The hierarchy of class loaders in Java

As mentioned above, Java class loaders are common classes. ExtClassLoader and AppClassLoader are both subclasses of URLClassLoader, and the INHERITANCE relationship of URL is as follows:

AppClassLoader and ExtClassLoader are subclasses of ClassLoader. As described above, the getLauncher method of sun.misc.Launcher gets an instance of the Launcher when the JVM starts, in which case the Launcher creates an instance of that class through the constructor. Sun.misc.Launcher is constructed as follows:

public Launcher() { Launcher.ExtClassLoader var1; Try {/ / create ExtClassLoader var1 = the Launcher. ExtClassLoader. GetExtClassLoader (); } catch (IOException var10) { throw new InternalError("Could not create extension class loader", var10); } the try {/ / create AppClassPoader enclosing loader. = the Launcher AppClassLoader. GetAppClassLoader (var1); } catch (IOException var9) { throw new InternalError("Could not create application class loader", var9); } // omit the code.... }}Copy the code

By analyzing the sun.misc.Launcher constructor, we know that instance creation of the Sun.misc.Launcher class creates AppClassLoader instances and ExtClassLoader instances.

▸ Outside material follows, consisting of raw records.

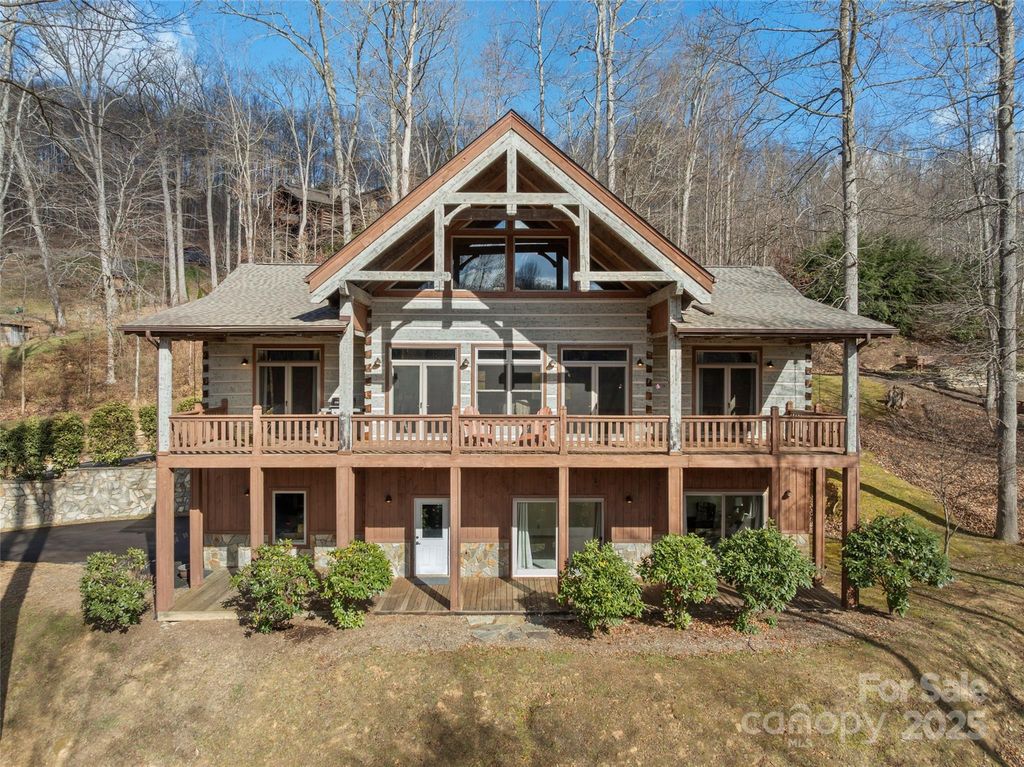 170 Cradling Cove, Waynesville, NC 28785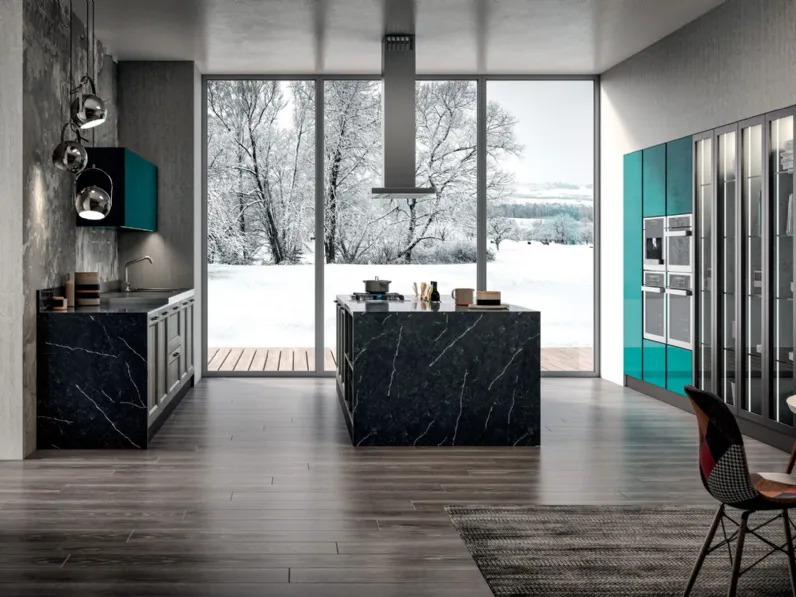 Cucina Classica con isola Village 04 in Frassino e Quarzo venato con colonne in laccato lucido di Gentili Cucine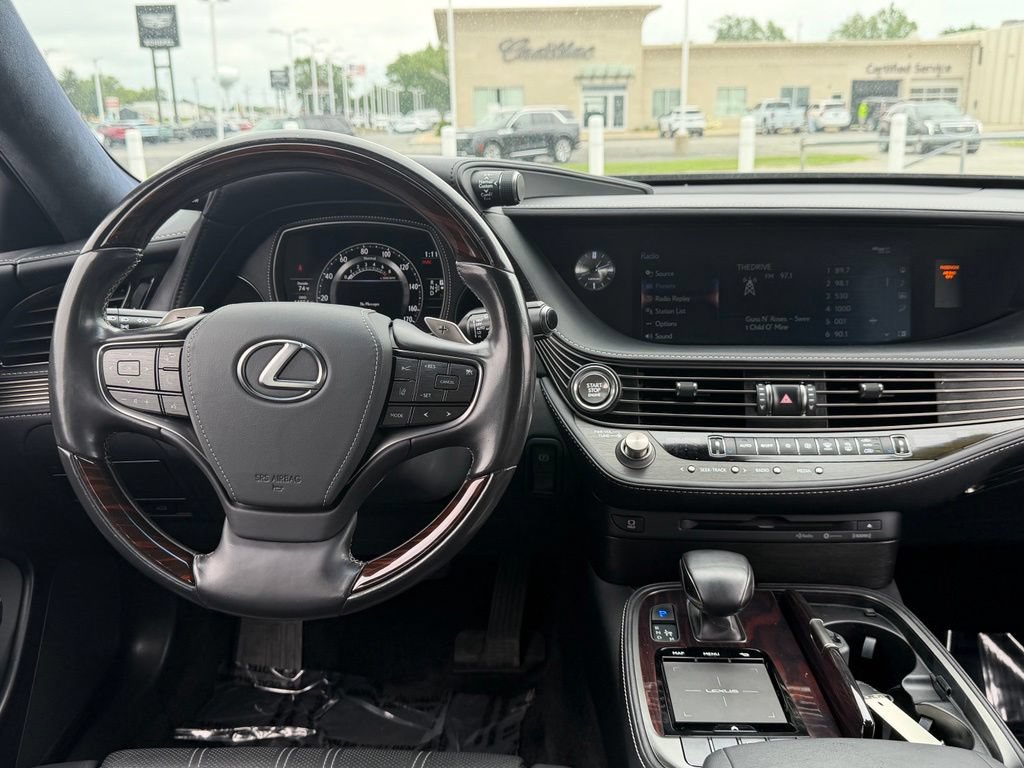 Used 2018 Lexus LS 500 AWD w/ Interior Upgrade Package image 22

Both classloaders inherit from ClassLoader, and ClassLoader has a parent global variable for ClassLoader, which is also ClassLoader:

public abstract class ClassLoader { private static native void registerNatives(); static { registerNatives(); } // The parent class loader for delegation // Note: VM hardcoded the offset of this field, thus all new fields // must be added *after* it. private final ClassLoader parent; // omit the code.... }Copy the code

When sun.misc.Launcher is created, the parent property of ExtClassLoader and AppClassLoader is specified as NULL and ExtClassLoader respectively. The mechanism of a class loader in Java is as follows:

Custom class loaders

This class has two core methods. The first is loadClass(String, Boolean), which implements the parent delegate mechanism, the general logic

1. First, check to see if the class with the specified name has already been loaded. If it has been loaded, it does not need to be loaded again and returns directly.

2. If this class has not been loaded, then check if there is a parent loader; If there is a parent loader, it is loaded by the parent (that is, call parent-loadclass (name, false);) . Or call the Bootstrap class loader to load it.

3. If neither the parent nor the Bootstrap class loader can find the specified class, the findClass method of the current class loader is called to complete the class loading. Another method is findClass. The default implementation is to throw an exception, so our custom classloader mainly overrides the findClass method.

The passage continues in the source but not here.